Annu Int Conf IEEE Eng Med Biol Soc. 2022 Jul;2022:3464-3467. doi: 10.1109/EMBC48229.2022.9871375.
We present a cloud-based multimodal dialogue platform for the remote assessment and monitoring of speech, facial and fine motor function in Parkinson's Disease (PD) at scale, along with a preliminary investigation of the efficacy of the various metrics automatically extracted by the platform. 22 healthy controls and 38 people with Parkinson's Disease (pPD) were instructed to complete four interactive sessions, spaced a week apart, on the platform. Each session involved a battery of tasks designed to elicit speech, facial movements and finger movements. We find that speech, facial kinematic and finger movement dexterity metrics show statistically significant differences between controls and pPD. We further investigate the sensitivity, specificity, reliability and generalisability of these metrics. Our results offer encouraging evidence for the utility of automatically-extracted audiovisual analytics in remote mon-itoring of PD and other movement disorders.

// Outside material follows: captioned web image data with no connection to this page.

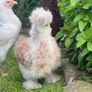 Silkie hatching eggs Image 4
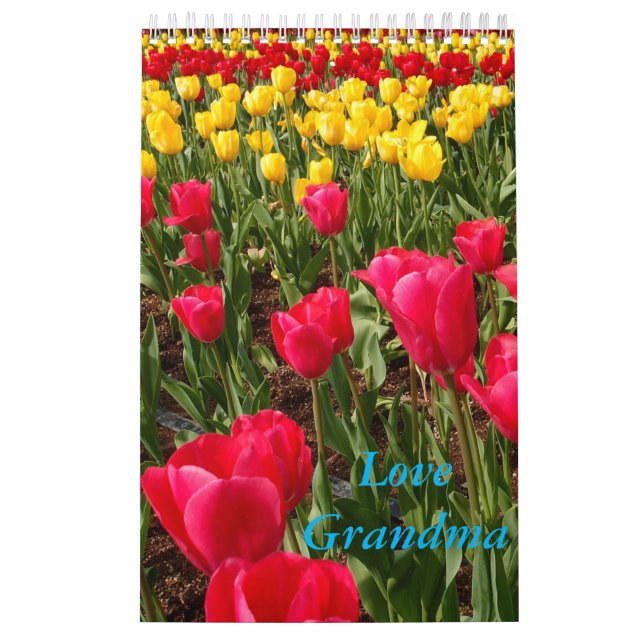 Liebe-Großmutter-Kalender Kalender (Titelbild)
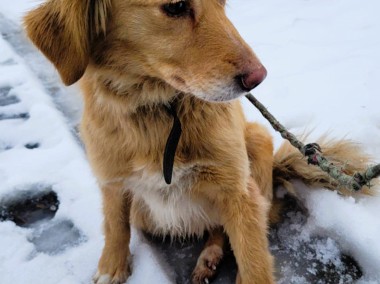 RUDZIA - cudna sunia w typie retrivera szuka domu-1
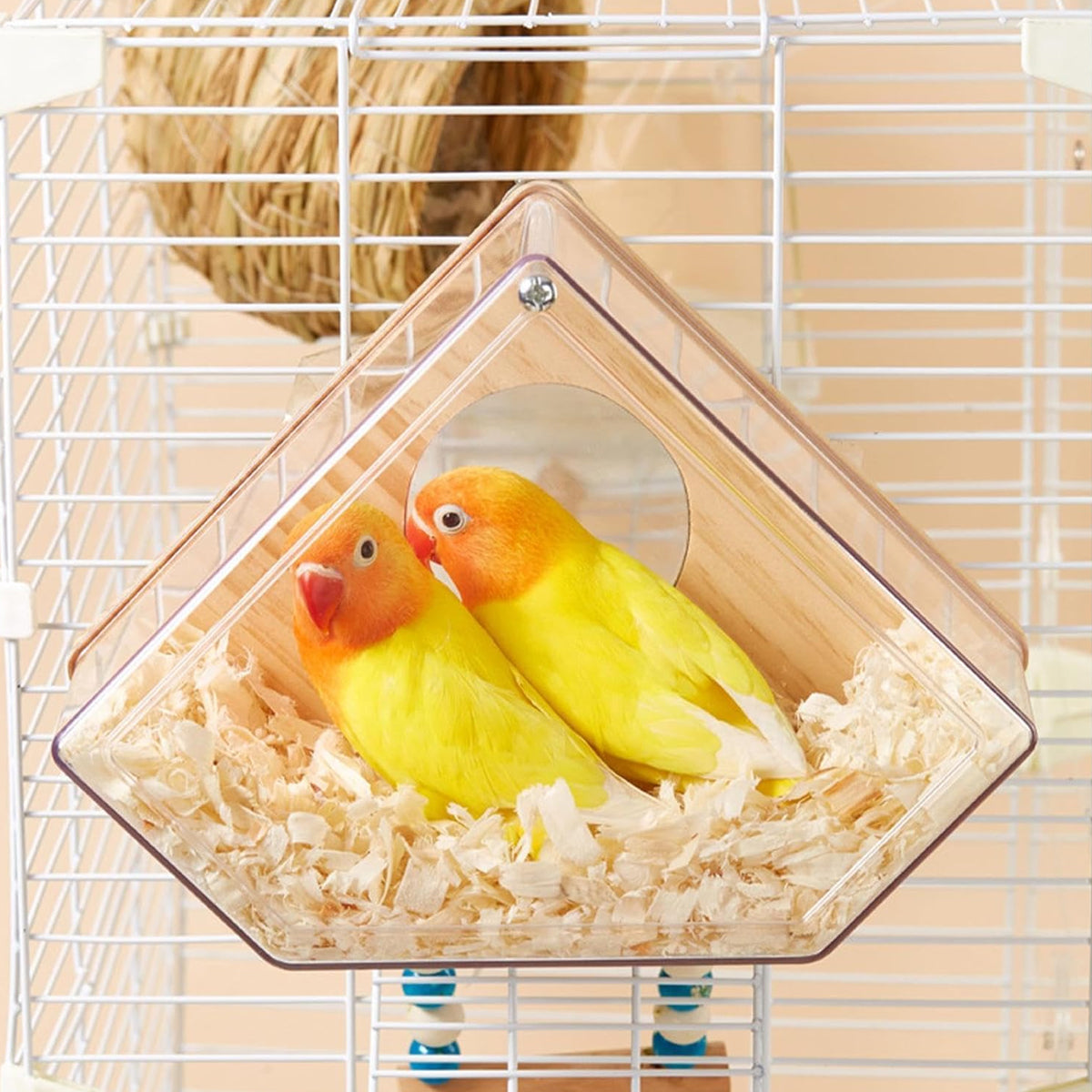 Transparent Bird Breeding Box With Perch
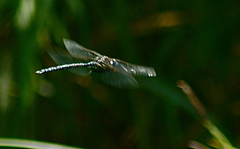Aeshna palmata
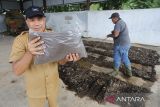 Petugas Dinas Lingkungan Hidup, Kebersihan dan Keindahan memperlihatkan pupuk organik yang telah diolah di Tempat Pembuangan Akhir (TPA), Banda Aceh, Aceh, Selasa (14/2/2023). Antara Aceh/Khalis Surry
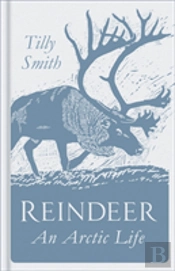 Reindeer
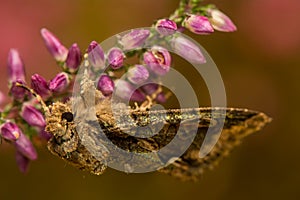 Allophyes oxyacanthae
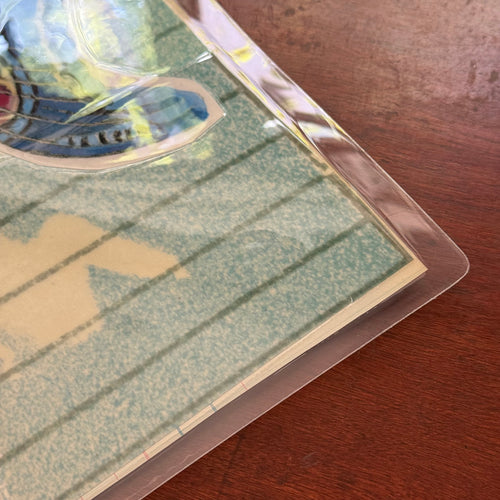 One-of-a-Kind Collaged Tulips & Butterflies Mat (#12)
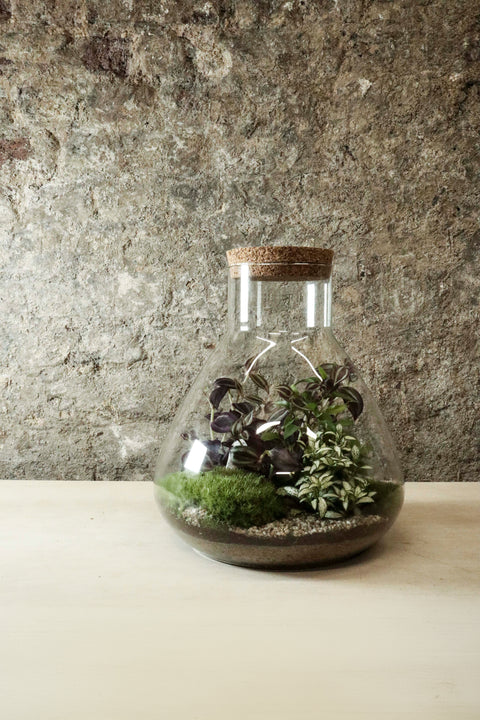 Terrarium de laboratoire grand format 30x27cm FR35
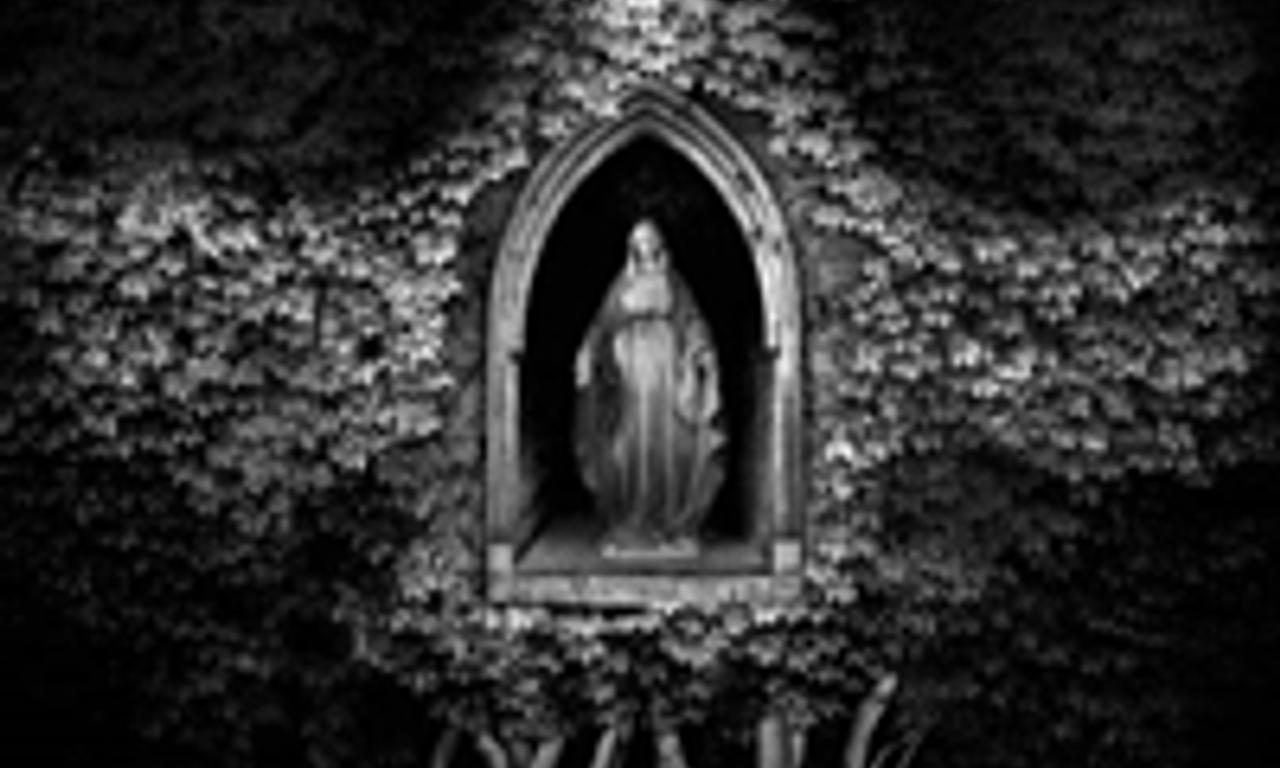 header image for Don’t Leave Home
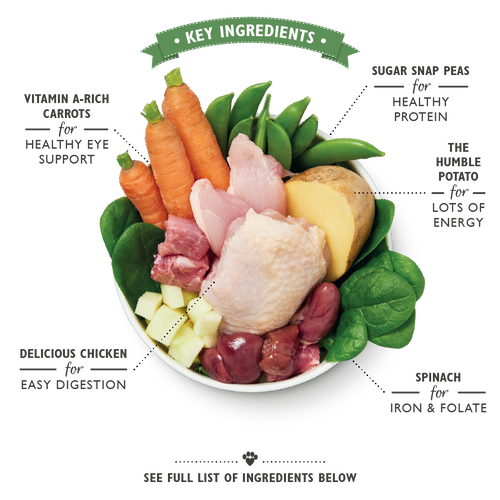 Lilys Kitchen Sunday Lunch for Dogs Can - 400g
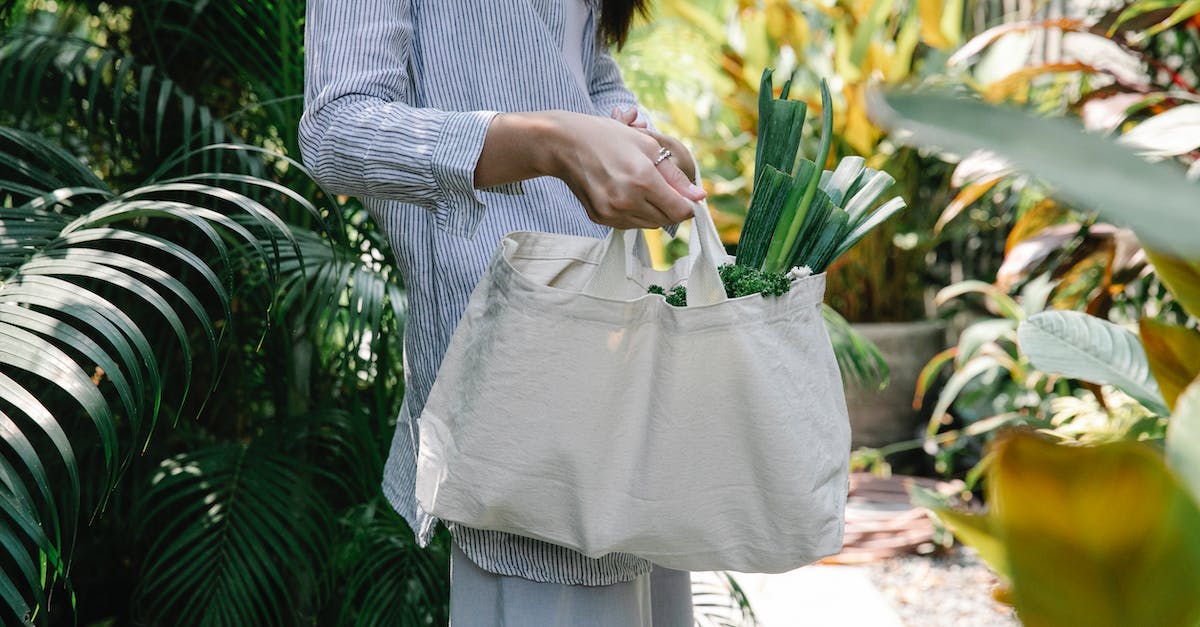 How to pick up a bag in Payday 1? - Crop faceless brunette in casual clothes carrying bag with ripe raw vegetable in sunny abundant garden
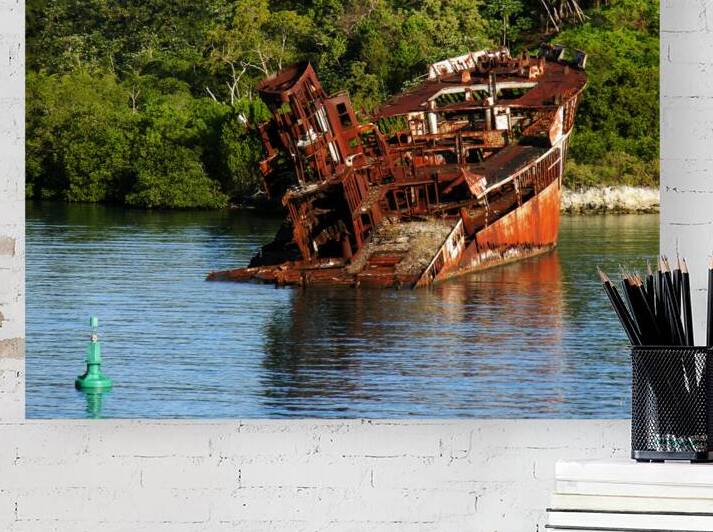 Derelict Ship Hull Roatan Mahogany Bay Honduras by Bill Swartwout Photography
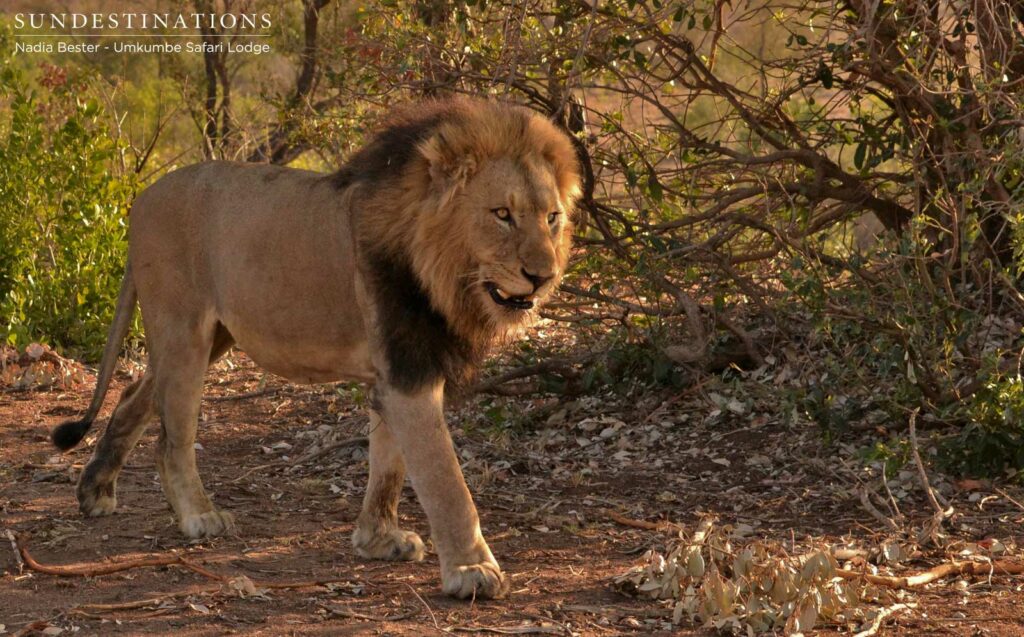 Charleston male lions seen at Umkumbe Safari Lodge Charleston male lions seen at Umkumbe Safari Lodge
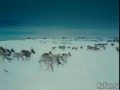 Арктика 3D. Русский трейлер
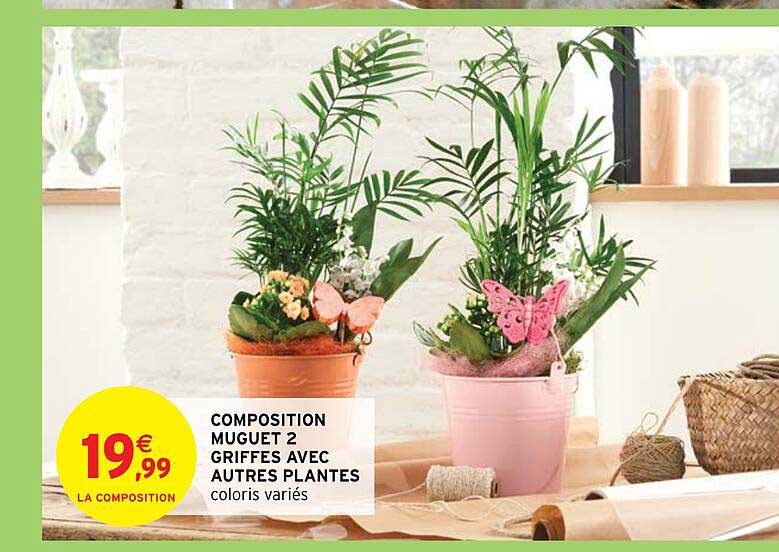 composition muguet 2 griffes avec autres plantes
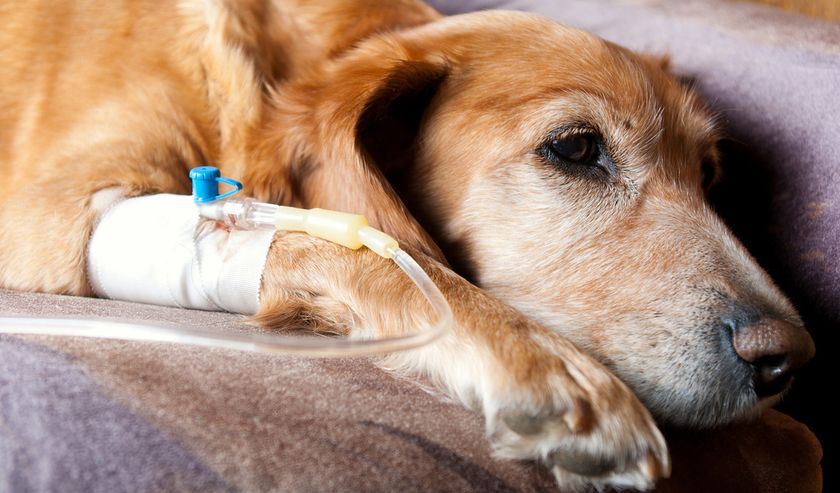 El perro está enfermo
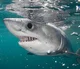Porbeagle shark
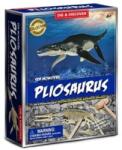 Sonne Trusă de cercetare Sonne - Dezgropați un schelet de Ichthyosaurus (SONNE1261)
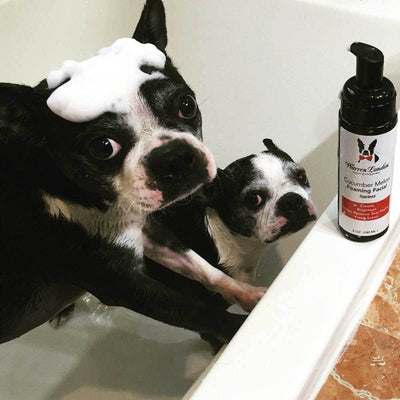 Warren London Cucumber Melon Foamng Facial | Pawlicious & Company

我们提出了一个基于云的多模态对话平台,用于大规模远程评估和监测帕金森病(PD)患者的言语、面部和精细运动功能,并初步研究了该平台自动提取的各种指标的疗效。我们指导 22 名健康对照者和 38 名帕金森病患者(pPD)在该平台上完成四个间隔一周的互动会话。每个会话都涉及一系列旨在引出言语、面部运动和手指运动的任务。我们发现,言语、面部运动学和手指运动灵巧度指标在对照组和 pPD 组之间存在统计学上的显著差异。我们进一步研究了这些指标的敏感性、特异性、可靠性和通用性。我们的结果为自动提取视听分析在 PD 及其他运动障碍的远程监测中的应用提供了令人鼓舞的证据。